Geography is irrelevant. In today’s interconnected, globalized economy and communications culture, geography no longer matters. Both ends of an internet connection may physically terminate at two computers thousands of kilometers apart, across oceans and continents, but there is no real difference in the location of those two points. They are essentially coincident, both in the abstract and in the real-time nature of connectivity. Geography is irrelevant in so many ways, due in part because of the technological advancements in communications, geospatial technology, consumer behavior and education, content and choice.
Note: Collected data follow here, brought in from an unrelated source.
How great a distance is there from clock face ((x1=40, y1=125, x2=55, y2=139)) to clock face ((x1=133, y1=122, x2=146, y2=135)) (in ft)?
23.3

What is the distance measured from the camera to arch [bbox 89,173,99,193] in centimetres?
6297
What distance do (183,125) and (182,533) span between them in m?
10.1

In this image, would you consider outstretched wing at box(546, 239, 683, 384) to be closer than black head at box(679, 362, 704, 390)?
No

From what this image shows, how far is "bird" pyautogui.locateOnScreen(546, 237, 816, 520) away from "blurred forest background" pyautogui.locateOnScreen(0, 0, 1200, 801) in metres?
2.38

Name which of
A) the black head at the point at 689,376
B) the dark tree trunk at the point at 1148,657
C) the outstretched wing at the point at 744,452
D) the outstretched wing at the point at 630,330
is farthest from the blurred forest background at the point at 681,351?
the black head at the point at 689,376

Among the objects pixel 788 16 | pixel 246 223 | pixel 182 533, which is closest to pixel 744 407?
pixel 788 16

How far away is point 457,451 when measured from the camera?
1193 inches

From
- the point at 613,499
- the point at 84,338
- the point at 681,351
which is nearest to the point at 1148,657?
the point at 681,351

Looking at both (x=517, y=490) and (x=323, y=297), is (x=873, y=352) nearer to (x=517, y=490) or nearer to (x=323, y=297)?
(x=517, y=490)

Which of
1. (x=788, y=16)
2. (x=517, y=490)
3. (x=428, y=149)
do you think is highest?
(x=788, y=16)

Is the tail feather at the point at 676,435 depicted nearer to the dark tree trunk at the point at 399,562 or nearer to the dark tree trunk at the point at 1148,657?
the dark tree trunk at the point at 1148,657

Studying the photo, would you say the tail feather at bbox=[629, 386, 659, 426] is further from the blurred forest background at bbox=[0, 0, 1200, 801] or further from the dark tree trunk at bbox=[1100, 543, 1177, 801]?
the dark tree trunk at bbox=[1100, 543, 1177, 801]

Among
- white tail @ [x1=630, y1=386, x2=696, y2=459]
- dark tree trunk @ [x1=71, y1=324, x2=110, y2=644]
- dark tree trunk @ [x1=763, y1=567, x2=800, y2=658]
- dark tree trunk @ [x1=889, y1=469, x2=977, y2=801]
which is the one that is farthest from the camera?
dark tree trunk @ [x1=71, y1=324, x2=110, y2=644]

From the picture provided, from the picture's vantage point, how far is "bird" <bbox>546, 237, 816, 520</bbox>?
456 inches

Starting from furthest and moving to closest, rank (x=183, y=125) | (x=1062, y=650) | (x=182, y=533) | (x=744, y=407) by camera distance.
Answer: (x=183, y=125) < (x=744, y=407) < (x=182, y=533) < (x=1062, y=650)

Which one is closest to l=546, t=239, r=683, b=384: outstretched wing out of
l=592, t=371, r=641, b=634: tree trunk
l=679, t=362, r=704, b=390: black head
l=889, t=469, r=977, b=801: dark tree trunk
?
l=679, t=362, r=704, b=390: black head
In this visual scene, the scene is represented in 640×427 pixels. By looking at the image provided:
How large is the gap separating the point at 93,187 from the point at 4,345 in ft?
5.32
For many, geography has ceased to exist as a define subject in schools and universities around the world, save the dedicated Geography Departments of a small percentage of Universities. It is no longer even a subject worthy of it’s own course title. It has become subsumed in the realm of social sciences, always condescended to by the more defined sciences; biology, physics, math, chemistry, economics. Geography is so irrelevant that it does not even garner a seat at the executive table at any Fortune 500 company, nor is it granted Cabinet status for the President or even any State Executive Office.
With so many complex and pressing issues facing Government and business today, why is geography so irrelevant? The rate of change in our globalized world leaves no time for geographic comprehension and appreciation. Our own Kanesha Price recently conducted a small geographic literacy survey at a local college campus, and while they did score better than the national average, the questions were surficial and encyclopedic in nature. If Americans are near bottom in understanding even these “low hanging fruits” of geographic literacy, is it any wonder why policies and strategies lack any real application and appreciation for more meaningful geographic issues. The simplest conclusion must be that geography is no longer relevant.
Think more about it – GPS navigation devices lead us to and fro, there is no need to retain mental maps or think about location; we have countless media outlets telling us all we need to know, but it matters little where the who did what and when to whom. Celebrity anchors bedazzle viewers with mangled explanations of geospatial technology and shine a blazing spotlight on just how irrelevant geography appears to be to just about all but the ivory-tower big-brain academics. I am surprised the term “geography” still has a place in Webster’s, aren’t you?”